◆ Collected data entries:
▬▬▬
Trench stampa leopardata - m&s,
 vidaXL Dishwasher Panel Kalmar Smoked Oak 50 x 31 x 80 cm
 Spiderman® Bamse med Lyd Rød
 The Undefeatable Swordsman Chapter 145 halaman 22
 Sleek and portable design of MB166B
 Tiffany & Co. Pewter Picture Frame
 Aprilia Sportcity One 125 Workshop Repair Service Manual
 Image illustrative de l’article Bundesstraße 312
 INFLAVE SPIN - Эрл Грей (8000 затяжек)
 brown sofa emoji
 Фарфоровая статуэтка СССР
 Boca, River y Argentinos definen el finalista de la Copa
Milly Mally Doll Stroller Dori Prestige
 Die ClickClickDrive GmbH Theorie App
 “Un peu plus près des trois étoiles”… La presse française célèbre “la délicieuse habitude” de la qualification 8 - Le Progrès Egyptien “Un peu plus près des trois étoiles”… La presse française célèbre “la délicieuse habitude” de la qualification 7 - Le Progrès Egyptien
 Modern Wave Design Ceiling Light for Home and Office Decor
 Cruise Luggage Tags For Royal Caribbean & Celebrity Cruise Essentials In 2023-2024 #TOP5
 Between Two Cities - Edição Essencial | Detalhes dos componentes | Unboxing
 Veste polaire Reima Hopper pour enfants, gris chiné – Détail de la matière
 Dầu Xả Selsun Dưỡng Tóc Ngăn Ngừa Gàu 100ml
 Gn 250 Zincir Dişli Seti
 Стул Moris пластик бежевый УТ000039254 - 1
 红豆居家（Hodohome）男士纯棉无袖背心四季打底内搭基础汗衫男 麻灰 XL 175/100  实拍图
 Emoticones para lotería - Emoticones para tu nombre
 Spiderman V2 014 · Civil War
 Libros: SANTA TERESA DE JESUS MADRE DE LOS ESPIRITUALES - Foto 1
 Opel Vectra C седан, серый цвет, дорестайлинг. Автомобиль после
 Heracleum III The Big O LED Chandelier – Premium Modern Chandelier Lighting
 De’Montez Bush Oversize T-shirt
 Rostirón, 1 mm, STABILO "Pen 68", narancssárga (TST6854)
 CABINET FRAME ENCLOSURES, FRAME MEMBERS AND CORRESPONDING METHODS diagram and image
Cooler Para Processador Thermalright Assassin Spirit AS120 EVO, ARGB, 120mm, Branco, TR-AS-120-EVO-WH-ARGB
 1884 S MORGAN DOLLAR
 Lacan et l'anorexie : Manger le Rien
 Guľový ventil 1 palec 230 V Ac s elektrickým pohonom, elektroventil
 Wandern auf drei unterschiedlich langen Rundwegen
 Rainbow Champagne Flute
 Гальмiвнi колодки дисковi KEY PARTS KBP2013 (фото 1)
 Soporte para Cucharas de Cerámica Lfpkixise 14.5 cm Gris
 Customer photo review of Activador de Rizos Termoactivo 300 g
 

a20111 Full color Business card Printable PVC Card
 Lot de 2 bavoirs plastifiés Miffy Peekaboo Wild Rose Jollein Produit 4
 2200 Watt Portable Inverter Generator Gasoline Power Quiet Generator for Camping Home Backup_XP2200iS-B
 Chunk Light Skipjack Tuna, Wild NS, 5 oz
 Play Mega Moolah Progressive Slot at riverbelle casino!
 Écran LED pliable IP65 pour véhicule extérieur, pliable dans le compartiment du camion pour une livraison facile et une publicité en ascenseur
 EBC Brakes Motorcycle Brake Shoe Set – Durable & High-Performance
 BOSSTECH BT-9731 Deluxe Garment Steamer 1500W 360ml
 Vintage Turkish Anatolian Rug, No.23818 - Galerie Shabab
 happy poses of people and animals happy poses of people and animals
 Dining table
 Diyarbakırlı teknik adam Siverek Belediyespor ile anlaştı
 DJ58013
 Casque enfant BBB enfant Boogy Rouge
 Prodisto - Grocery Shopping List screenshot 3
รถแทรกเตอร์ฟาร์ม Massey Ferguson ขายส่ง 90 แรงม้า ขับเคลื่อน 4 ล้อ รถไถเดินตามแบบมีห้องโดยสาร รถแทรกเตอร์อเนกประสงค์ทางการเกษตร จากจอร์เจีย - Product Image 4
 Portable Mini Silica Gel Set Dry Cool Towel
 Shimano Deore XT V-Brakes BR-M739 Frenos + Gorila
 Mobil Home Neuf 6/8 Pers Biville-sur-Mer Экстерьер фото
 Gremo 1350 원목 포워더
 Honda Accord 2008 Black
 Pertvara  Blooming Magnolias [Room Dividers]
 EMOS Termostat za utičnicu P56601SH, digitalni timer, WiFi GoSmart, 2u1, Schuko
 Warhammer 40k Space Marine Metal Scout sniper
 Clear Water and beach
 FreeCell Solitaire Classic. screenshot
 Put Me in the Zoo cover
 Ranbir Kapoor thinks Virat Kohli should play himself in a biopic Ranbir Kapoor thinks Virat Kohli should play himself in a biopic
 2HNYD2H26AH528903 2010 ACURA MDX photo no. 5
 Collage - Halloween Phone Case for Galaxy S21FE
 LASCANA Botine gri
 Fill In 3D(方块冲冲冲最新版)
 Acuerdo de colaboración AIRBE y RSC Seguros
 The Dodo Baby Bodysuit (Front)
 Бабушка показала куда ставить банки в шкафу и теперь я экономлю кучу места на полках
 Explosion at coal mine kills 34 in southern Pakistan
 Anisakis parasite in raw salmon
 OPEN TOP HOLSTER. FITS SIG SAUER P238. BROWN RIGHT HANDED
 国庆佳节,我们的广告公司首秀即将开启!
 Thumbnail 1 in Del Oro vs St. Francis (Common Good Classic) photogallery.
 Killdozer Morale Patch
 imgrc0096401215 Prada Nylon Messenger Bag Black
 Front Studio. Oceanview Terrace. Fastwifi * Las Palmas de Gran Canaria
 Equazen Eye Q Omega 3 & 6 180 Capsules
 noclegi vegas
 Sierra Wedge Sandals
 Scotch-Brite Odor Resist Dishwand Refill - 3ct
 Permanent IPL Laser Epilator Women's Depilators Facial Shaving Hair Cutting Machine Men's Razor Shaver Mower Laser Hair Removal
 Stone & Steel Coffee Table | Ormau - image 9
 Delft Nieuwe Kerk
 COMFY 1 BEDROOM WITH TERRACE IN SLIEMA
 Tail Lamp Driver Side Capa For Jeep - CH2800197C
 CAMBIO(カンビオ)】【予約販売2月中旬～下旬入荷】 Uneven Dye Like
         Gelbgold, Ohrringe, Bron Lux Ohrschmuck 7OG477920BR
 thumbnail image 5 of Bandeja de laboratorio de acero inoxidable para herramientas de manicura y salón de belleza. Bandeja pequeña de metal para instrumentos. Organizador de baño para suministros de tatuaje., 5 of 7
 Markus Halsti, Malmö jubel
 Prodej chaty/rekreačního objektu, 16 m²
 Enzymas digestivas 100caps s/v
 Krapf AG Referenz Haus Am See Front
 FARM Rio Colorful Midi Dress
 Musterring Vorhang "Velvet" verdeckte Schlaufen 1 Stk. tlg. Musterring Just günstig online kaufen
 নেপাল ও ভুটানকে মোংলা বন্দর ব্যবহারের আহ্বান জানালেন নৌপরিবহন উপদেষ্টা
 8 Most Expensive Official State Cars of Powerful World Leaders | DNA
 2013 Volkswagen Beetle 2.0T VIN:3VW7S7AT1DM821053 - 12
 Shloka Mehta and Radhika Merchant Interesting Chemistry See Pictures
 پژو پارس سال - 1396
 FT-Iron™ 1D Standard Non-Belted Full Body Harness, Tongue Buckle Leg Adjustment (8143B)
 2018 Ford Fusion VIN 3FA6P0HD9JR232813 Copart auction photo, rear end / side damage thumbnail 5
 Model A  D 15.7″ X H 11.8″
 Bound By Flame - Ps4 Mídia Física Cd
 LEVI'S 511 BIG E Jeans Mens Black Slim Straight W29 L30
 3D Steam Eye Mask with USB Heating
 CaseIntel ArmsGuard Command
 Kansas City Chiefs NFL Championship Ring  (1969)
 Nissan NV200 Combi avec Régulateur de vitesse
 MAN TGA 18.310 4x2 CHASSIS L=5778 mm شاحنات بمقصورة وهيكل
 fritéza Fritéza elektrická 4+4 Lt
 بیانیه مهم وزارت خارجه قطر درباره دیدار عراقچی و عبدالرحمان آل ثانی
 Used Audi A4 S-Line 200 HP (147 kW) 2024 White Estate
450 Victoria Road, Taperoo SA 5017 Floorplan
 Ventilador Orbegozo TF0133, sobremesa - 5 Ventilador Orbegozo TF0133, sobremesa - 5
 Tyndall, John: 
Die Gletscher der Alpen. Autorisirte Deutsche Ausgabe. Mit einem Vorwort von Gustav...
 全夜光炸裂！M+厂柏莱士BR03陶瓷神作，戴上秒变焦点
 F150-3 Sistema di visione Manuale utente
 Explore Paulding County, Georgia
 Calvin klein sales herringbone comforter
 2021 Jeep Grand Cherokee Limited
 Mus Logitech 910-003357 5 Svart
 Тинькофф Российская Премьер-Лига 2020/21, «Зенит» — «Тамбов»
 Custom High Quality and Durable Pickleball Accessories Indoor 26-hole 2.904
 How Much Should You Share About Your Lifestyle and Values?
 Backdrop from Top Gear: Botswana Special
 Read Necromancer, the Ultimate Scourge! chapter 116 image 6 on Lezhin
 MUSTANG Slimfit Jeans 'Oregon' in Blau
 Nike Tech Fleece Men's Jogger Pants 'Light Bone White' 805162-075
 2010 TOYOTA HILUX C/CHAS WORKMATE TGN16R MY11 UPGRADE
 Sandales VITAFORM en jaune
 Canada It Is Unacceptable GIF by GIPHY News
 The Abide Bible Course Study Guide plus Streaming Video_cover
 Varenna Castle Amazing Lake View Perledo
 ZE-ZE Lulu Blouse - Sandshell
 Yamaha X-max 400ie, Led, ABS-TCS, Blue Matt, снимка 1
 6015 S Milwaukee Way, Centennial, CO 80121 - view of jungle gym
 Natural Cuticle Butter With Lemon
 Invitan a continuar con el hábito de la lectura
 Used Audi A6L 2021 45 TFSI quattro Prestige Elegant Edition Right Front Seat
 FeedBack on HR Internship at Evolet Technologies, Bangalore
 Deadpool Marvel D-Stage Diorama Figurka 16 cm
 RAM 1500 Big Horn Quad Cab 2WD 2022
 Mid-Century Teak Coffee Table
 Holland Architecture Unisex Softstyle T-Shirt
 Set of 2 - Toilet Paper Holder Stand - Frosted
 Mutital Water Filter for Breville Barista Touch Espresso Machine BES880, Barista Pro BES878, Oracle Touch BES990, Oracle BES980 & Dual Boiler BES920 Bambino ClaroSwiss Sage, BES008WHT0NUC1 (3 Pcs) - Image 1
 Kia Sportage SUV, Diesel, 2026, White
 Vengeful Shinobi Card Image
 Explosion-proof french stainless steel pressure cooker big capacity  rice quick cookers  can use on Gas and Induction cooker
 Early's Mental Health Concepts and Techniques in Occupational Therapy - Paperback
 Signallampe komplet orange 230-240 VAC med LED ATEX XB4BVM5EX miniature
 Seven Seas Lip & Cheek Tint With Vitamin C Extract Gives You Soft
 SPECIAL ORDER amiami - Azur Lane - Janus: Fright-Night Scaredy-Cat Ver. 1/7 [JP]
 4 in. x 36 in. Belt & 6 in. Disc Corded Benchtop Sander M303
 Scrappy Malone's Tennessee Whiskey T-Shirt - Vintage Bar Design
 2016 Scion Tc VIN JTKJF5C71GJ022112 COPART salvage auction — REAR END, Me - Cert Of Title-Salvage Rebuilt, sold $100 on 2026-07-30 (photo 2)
▬▬▬
The first line of the entries above marks where to begin; repeat each line exactly through the one that contains "brown sofa emoji", and include that line.

◆ Task result:
Trench stampa leopardata - m&s,
 vidaXL Dishwasher Panel Kalmar Smoked Oak 50 x 31 x 80 cm
 Spiderman® Bamse med Lyd Rød
 The Undefeatable Swordsman Chapter 145 halaman 22
 Sleek and portable design of MB166B
 Tiffany & Co. Pewter Picture Frame
 Aprilia Sportcity One 125 Workshop Repair Service Manual
 Image illustrative de l’article Bundesstraße 312
 INFLAVE SPIN - Эрл Грей (8000 затяжек)
 brown sofa emoji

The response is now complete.